IL FLUIDO DI AMADEUS

per Gian Franco Ferraris
Autore originale del testo: Marco Molendini
IL FLUIDO DI AMADEUS
Non potevano che vincerlo loro il Sanremo più fluido della storia, il Festival dove il genere maschile si è preso la rivincita sulla parità di genere sparigliando le carte. Certo, Mahmood e Blanco avevano il pezzo migliore e meglio costruito in mezzo a tanta mediocrità. Ma, soprattutto, sono stati gli interpreti simbolo di un fronte corposo che ha occupato il palco dell’Ariston: il maschio fieramente e talmente convinto della propria identità sessuale autosufficiente che canta il suo amore sofferto per un altro lui («Tu che mi mordi la pelle/Con i tuoi occhi da vipera») è il maschio che rivendica la propria superiorità facendo a meno della donna. Che riesce addirittura a sostituirla travestendosi (Drusilla) e ad avere successo più delle signore chiamate ad adornare il palco agitando lo slogan “spazio alle donne” (purchessia), anche queste scelte con il bilancino, relegate a un ruolo tutto di contorno dell’onnipresente conduttore. Luogo paradossale Sanremo, nella sua storia è stato il depositario delle convenzioni, teatro del conformismo pronto a scandalizzarsi per una spallina caduta o una pancia finta, adesso vira in modo massiccio, con il suo tatto elefantiaco, nella zona protetta dei diritti e delle uguaglianze di ogni tipo. Sanremo che finalmente ha capito che il mondo sta cambiando, ma lo fa senza temere di svelare l’uso strumentale, consapevole che spostandosi su quel territorio si entra in zona protetta, dove è spericolato lanciarsi in critiche, pena essere bollati come intolleranti, razzisti, omofobi e via dicendo (basta osservare con quale cautela è stata trattata la presenza di Lorena Cesarini).

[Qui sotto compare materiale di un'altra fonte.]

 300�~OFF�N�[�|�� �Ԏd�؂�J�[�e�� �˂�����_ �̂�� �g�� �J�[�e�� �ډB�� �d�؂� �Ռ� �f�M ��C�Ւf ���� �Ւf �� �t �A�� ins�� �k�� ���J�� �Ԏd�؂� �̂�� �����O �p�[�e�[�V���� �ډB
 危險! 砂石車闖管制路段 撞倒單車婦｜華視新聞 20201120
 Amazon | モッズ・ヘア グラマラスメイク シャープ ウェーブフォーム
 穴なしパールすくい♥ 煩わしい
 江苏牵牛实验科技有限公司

Stavolta, comunque, ad incassare è soprattutto Amadeus, il conduttore ha fatto un capolavoro, un Festival della canzone che trionfa senza le canzoni, in gran parte collage rabberciati messi assieme da pletore di autori (a volte cinque, sei) a cui ognuno contribuisce con un pezzetto e l’ultimo con la colla. Amadeus piace perchè è uno che sgobba, che sorride a tutti, che dice grazie e abbraccia come nessun altro, che è pieno di amici. E piace perchè è gia stato visto al lavoro. L’Italia è un paese che ama le conferme. Mattarella e Draghi sono rimasti: meno male, che sospiro di sollievo. Ora, alla lista dei confermati, si aggiunge Amadeus, neopatriarca della tv all’antica, rassicurante cerimoniere a cui tutti vogliono bene. Amadeus ha vinto, ha stravinto, per di più si è svincolato dal vassallaggio rispetto a Fiorello, dimostrando che può fare il Festival anche senza il tutor, anzi che il tutor non porta nulla e senza di lui può fare addirittura ascolti migliori (e ne farà: già si parla del quarto, poi arriverà il quinto, il sesto Sanremo, fino ad esaurimento, o suo o del pubblico). E ha vinto, Amadeus, perchè ha raggiunto la pace dei consensi: ormai nessuno più critica il Festival, basta vedere il coro dei giornali, inginocchiati ai numeri dell’Auditel, un termometro antico chiamato a misurare le modalità fluide della fruizione dello spettacolo casalingo, fra il vecchio televisore, le piattaforme, i vari device, gli smartphone, gli ascolti differenziati.